Although other three-year periods have been drier, 2012-14 stands as perhaps the worst drought in a millennium due in part to “anomalously low” precipitation and “record-high” temperatures, the study said.
And viewed through the lens of history and the changing climate, this current severe event won’t be the last, the study’s co-author said.
“One thing is clear,” said Daniel Griffin, an assistant professor in the University of Minnesota’s department of geography. “Drought is going to continue to happen. This is the kind of thing we get to see in the future.”
Griffin has been doing research on tree rings, moisture and drought in California for a decade. He teamed with co-author Kevin J. Anchukaitis, a paleoclimatologist at the Woods Hole Oceanographic Institution, to see how the state’s current precipitation levels and drought severity compared with centuries past.
To measure precipitation levels, the researchers studied the rings of blue oak trees in Central and Southern California, which have a strong growth relationship with rain. Then they compared their tree-ring data with National Oceanic and Atmospheric Administration rain records and built a model reconstructing precipitation levels hundreds of years into the past.
To measure the severity of the current drought, researchers then turned to the North American Drought Atlas, which provides historical drought severity data based on tree rings that go back at least 1,200 years. The Atlas generates Palmer Drought Severity Index data, which measure drought severity by considering soil moisture conditions, which are in turn affected by precipitation, temperature and evaporation.
Their study concluded that, in terms of “cumulative severity,” drought during the three-year period from 2012-14 “stands out in the context of the last millennium” and was more extreme than droughts that stretched even longer – from four to nine years. Over the last 1,200 years, researchers estimated that three-year droughts occurred about 37 times.

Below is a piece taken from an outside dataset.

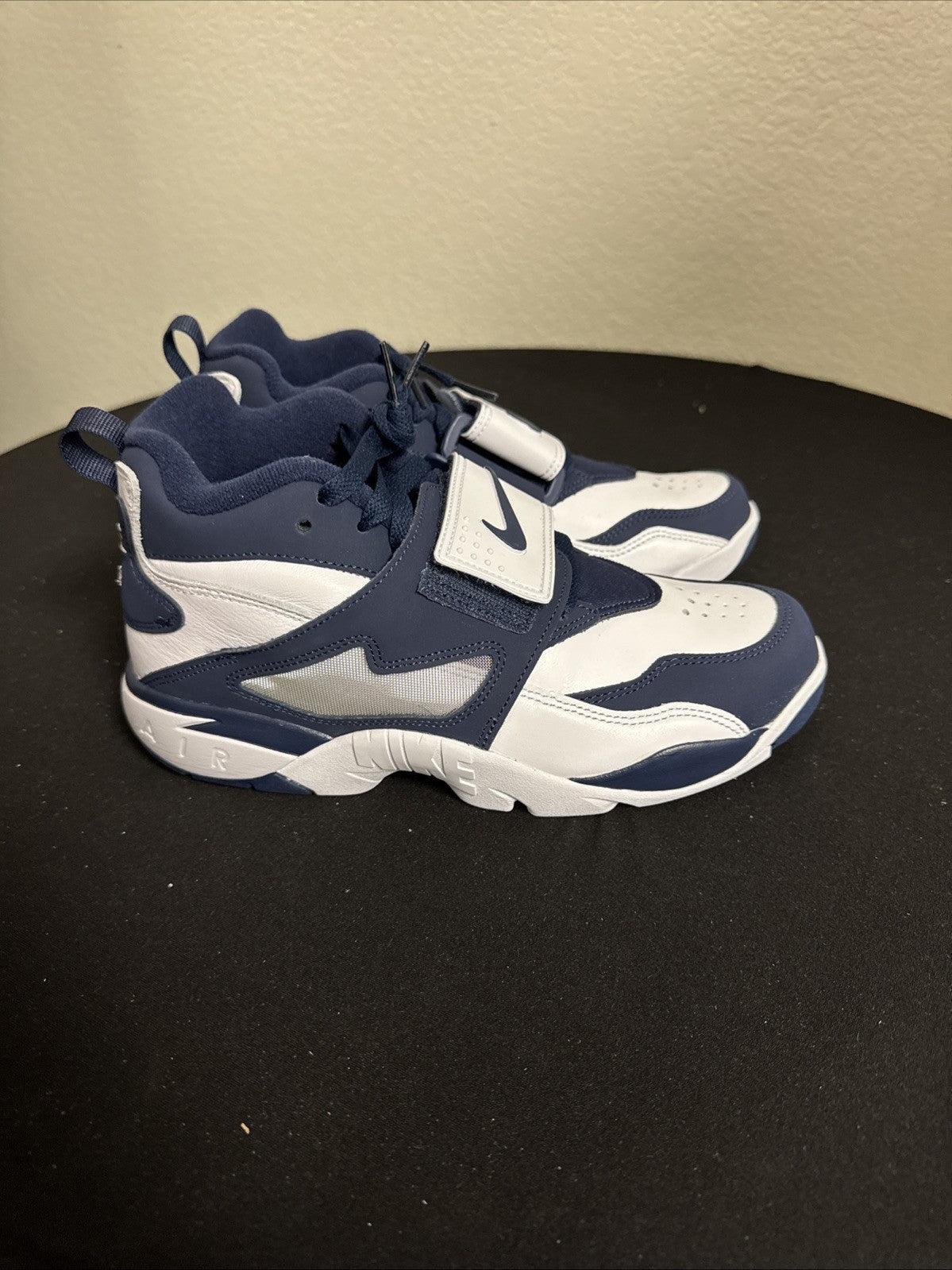 "Cowboys" Nike Air Diamond Turf White Navy Blue Sneakers, Size 8 BNIB FZ8224-101 - product image from the listing.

But the lack of precipitation between 2012 and 2014 was not “unprecedented,” the study said. There were times near the turn of the 20th century and the early 16th century when there was less rain in a three-year drought period. Higher temperatures, though, may have exacerbated the current drought by as much as 36%, according to the authors. Combined with low rainfall, those conditions made this drought California’s worst in more than a millennium.
“It was a surprise,” Anchukaitis said of the severity finding. “I don’t think we expected to see that at all.”
Griffin acknowledged that there was a “lingering question” about whether one of the decade-long droughts in the medieval era may have been more severe, saying there was not “a perfect way” to measure.”
The bad, if obvious, news for water-starved California?
Researchers found about 44% of three-year droughts go on to last four years or longer.